Juju isn't handling errors from ec2 provider re firewall rules properly.

Bug #2038494 reported by Thomas Miller
8
This bug affects 1 person
Affects Status Importance Assigned to Milestone
Canonical Juju
Invalid
High
Nicolas Vinuesa

Bug Description

We have had people outside of Juju's control change security group rules to both and a remove rules. When Juju goes to perform an action such as removing a rule that doesn't exist or adding a rule that already exists in the security group we are getting errors from AWS such as not found or already exists.

If the we are doing a security group removal operation and we get a not found error then we should consider this success for the purpose of our state.
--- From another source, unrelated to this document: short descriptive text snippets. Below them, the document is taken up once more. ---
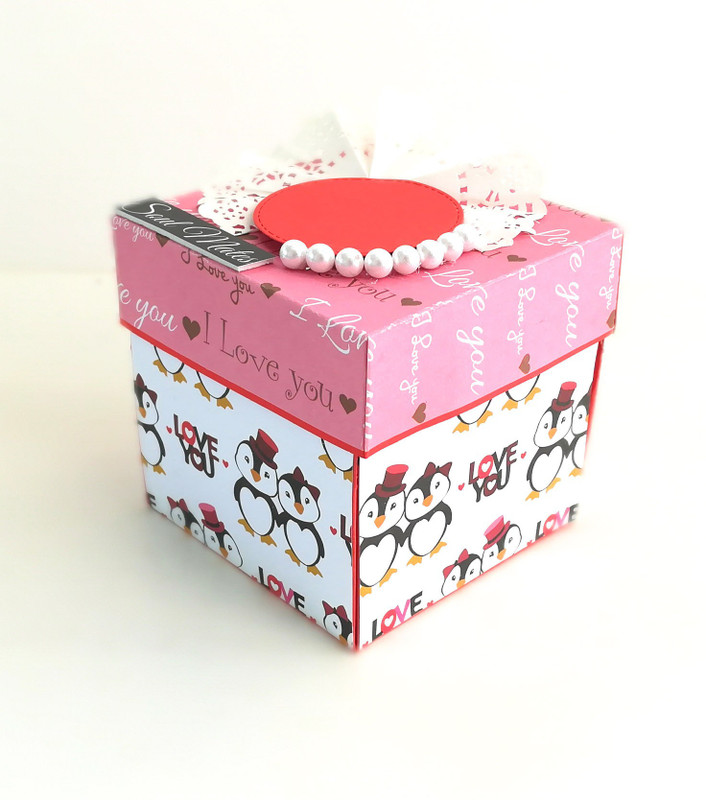 gift occasions COUPLE EXPLOSION BOX(Red Blaclk white and pink)
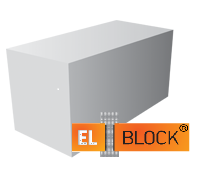 Блок газобетонный стеновой 600*300*200мм В 3,5 D 600кг/м3 EL-Block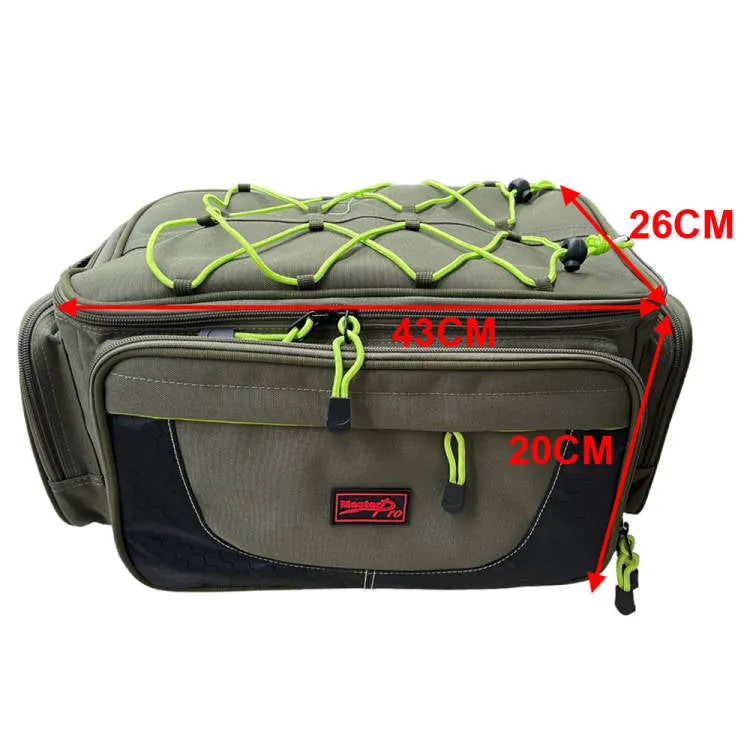 Large Quality Fishing Tackle Bag Shoulder Waist Bag with Bonus Fishing Tackle Hook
Vice versa if we are adding a rule and it already exists this shouldn't be an error.

Provided is some Juju output of the problem.

"errorCode": "Client.InvalidPermission.Duplicate",
"errorMessage": "the specified rule \"peer: 172.20.0.0/16, TCP, from port: 8082, to port: 8082, ALLOW\" already exists",

2023-09-28 05:50:10 ERROR juju.worker.dependency engine.go:695 "firewaller" manifold worker returned unexpected error: cannot close ports: operation error EC2: RevokeSecurityGroupIngress, https response error StatusCode: 400, RequestID: 7530a36f-99ca-41d9-8967-b13636f0fd0d, api error InvalidPermission.NotFound: The specified rule does not exist in this security group.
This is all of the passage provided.